Nous sommes heureux de pouvoir ouvrir ce numéro des Écrits par ces « apparitions » furtives – plastiques et poétiques – qui évoquent en leur bref déploiement spectral la hantise de la perte, de l’éclipse et de l’évanouissement. Comme le souligne Hélène Giannecchini, dans son essai sur les photos d’Alix Cléo, il y a quelque chose de transparent dans ce noir que la photographe et l’écrivaine – et son amant-poète –travaillent au « pinceau lumineux » de leur mémoire et de leur imagination, quelque chose de luminescent, lueur-fossile d’étoiles mortes, qui est la manière même dont la « disparition » nous apparaît, nimbée d’» autre chose »… non pas de « quelque chose » de précis, donc, mais de ce « si » qui s’éclipse devant.

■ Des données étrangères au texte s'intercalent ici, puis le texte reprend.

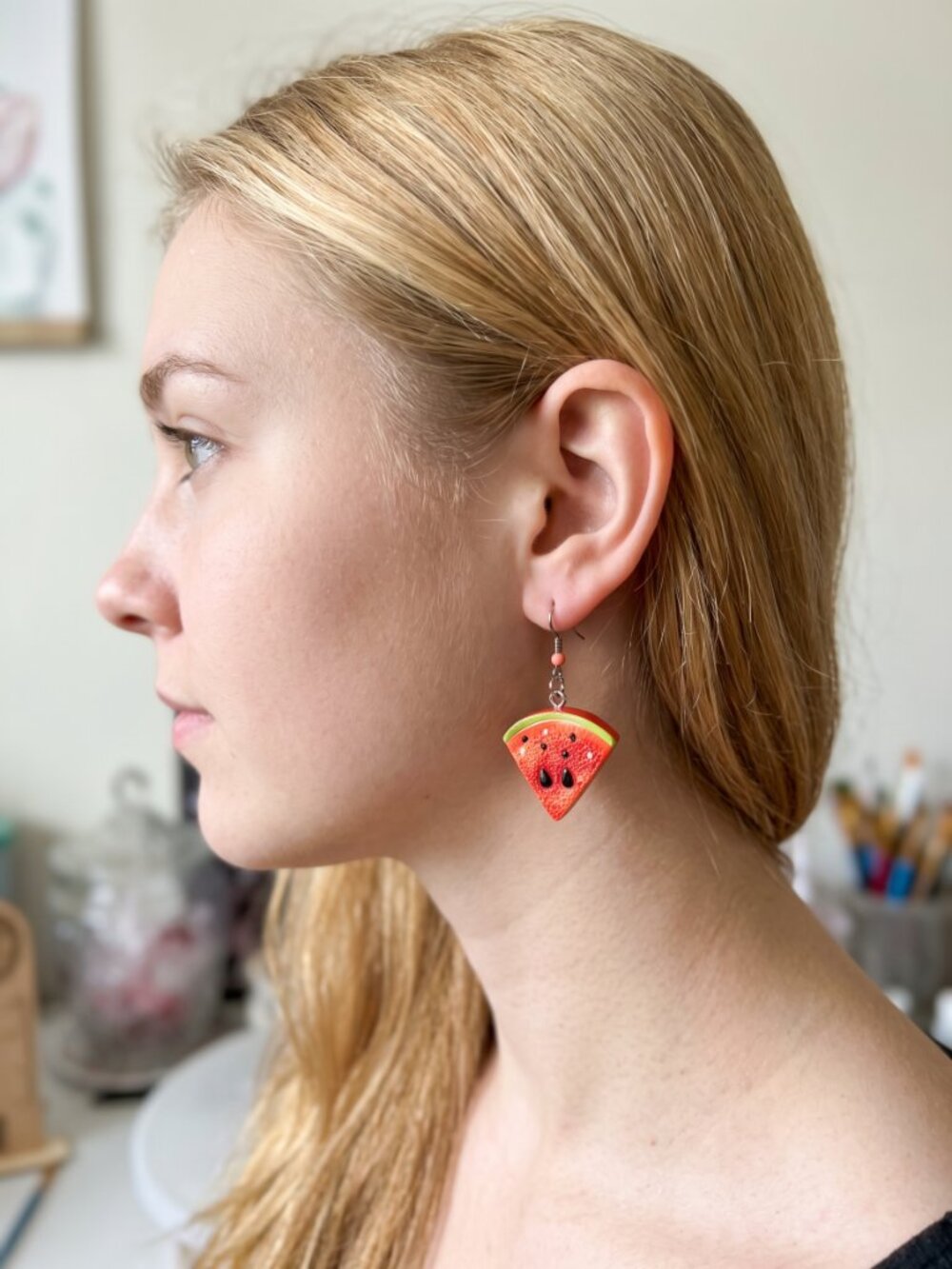 Handmade Resin Watermelon Slice Dangle Earrings | Summer Fruit Jewelry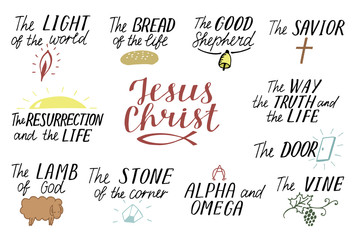 Set of 11 Hand lettering christian quotes about Jesus Christ. Savior. Door. Good Shepherd. Way, truth, life. Alpha and Omega. Lamb of God. The vine. Light of world. Resurrection. - obrazy, fototapety, plakaty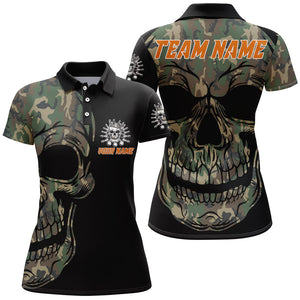 Camo Bowling Shirt Custom Skull Bowling Jersey Women Bowling Polo Shirt For Team BDT284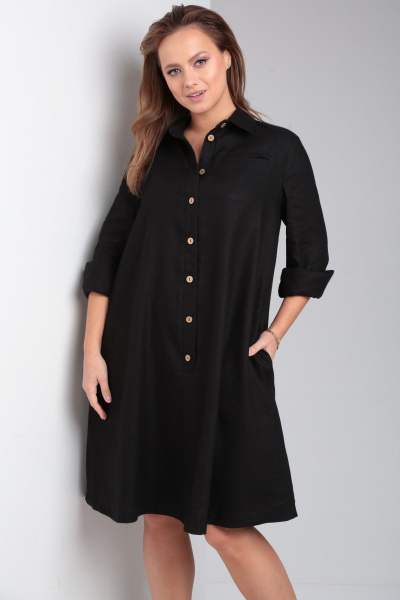 Платье свободного силуэта из вискозы с вставками Your size 2225 черный - фото 5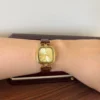 Classic Gold Cushion Dial Brown Strap Watch for Women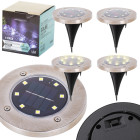 8 LED päikesepatareil töötavad maapinnalambid 4 tk, soe valge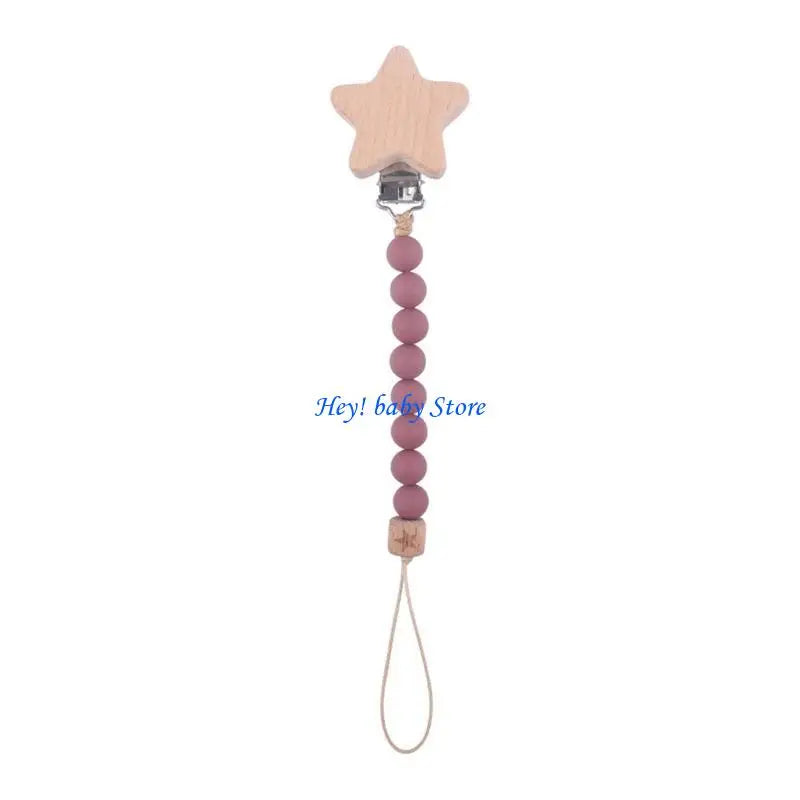 Baby Pacifier Clip Silicone & Beech Wood Teething Toy Chain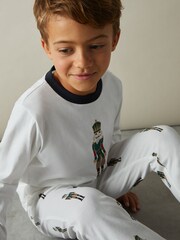 Reiss White Hornton Set 3-9 yrs Brushed-Cotton Nutcracker-Print Pyjama Set - Image 3 of 4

On lira à la suite de cet ensemble des poèmes de Marcel Labine, Chantal Neveu, Patrick Dubost, Jean-Louis Giovannoni, José Acquelin et Andrea Moorhead, de même que des récits ou des textes en prose de Pierre Senges, Hélène Frédérick, Louise Dupré, Frédéric Marcotte, Bertrand Laverdure et Bertrand Leclair, en plus des essais de Jean-François Dowd et André Berthiaume, qui font entendre, chacun à sa manière, des échos puissants de l’étrange sensualité du « disparaître » qu’Alix Cléo Roubaud « met en lumière » dans les oeuvres qui composent l’iconographie de ce numéro.

Nous tirons une grande fierté de la nomination récente deM. Jean-Guy Pilon comme président honoraire des Écrits. C’est un honneur pour la revue de pouvoir compter sur la présence à la fois bienveillante et vigilante d’un de ses anciens directeurs, qui fut un acteur important de son histoire, lui ayant entre autres donné son titre actuel, après qu’elle se fût appelée pendant près de quarante ans Les écrits du Canada français. Directeur des Écrits de 1994 à 2000, Jean-Guy Pilon est l’un des poètes majeurs de l’histoire du Québec, à qui l’on doit plusieurs recueils – réunis dans Comme eau retenue5 –, pour lesquels il a obtenu de nombreux prix, dont le prix du Gouverneur général (en 1970), le prix Louise-Labé (en 1970 aussi) et le prix Athanase-David (en 1984), auxquels s’ajoute le prix international de la Paix du PEN Club reçu en 1991 pour son action humanitaire. Réalisateur à la radio de Radio-Canada et chef du Service des émissions culturelles, de 1954 à 1988, il a fondé la revue Liberté en 1959, qu’il a dirigée jusqu’en 1979. Il a également été président de la « Rencontre québécoise internationale des écrivains » de 1972 à 1997 et président de l’Académie des lettres du Québec de 1982 à 1996. Membre de la Société royale du Canada (depuis 1967), officier de l’Ordre du Canada (1987), chevalier de l’Ordre national du Québec (1988) et officier de l’Ordre des Arts et des Lettres de France (1992), il est l’un des écrivains et des intellectuels marquants de sa génération. Nous sommes très heureux de pouvoir attacher son nom et sa personne non seulement à l’histoire mais aussi à l’avenir de notre revue et de pouvoir ainsi bénéficier de ses précieux conseils et de sa riche expérience dans le monde de la culture et de la littérature. Un hommage lui sera rendu par de nombreux écrivains de différentes générations dans le numéro 134 des Écrits, à paraître au printemps 2012.

 – Pierre Ouellet


1. Jacques Roubaud, Quelque chose noir, Paris, Gallimard, 1986, p. 20.

2. Ibid., p. 30.

3. « Le sens du passé naît d’objets-déjà », Ibid., p. 30.

4. Alix Cléo Roubaud, Journal (1979-1983), Paris, Seuil, coll. « Fiction & Cie », 1984 (réédité en 2009, dans une version augmentée et préfacée par Jacques Roubaud, chez le même éditeur).

5. Jean-Guy Pilon, Comme eau retenue : poèmes 1954-1977, Montréal, l’Hexagone, coll. « Typo », 1985.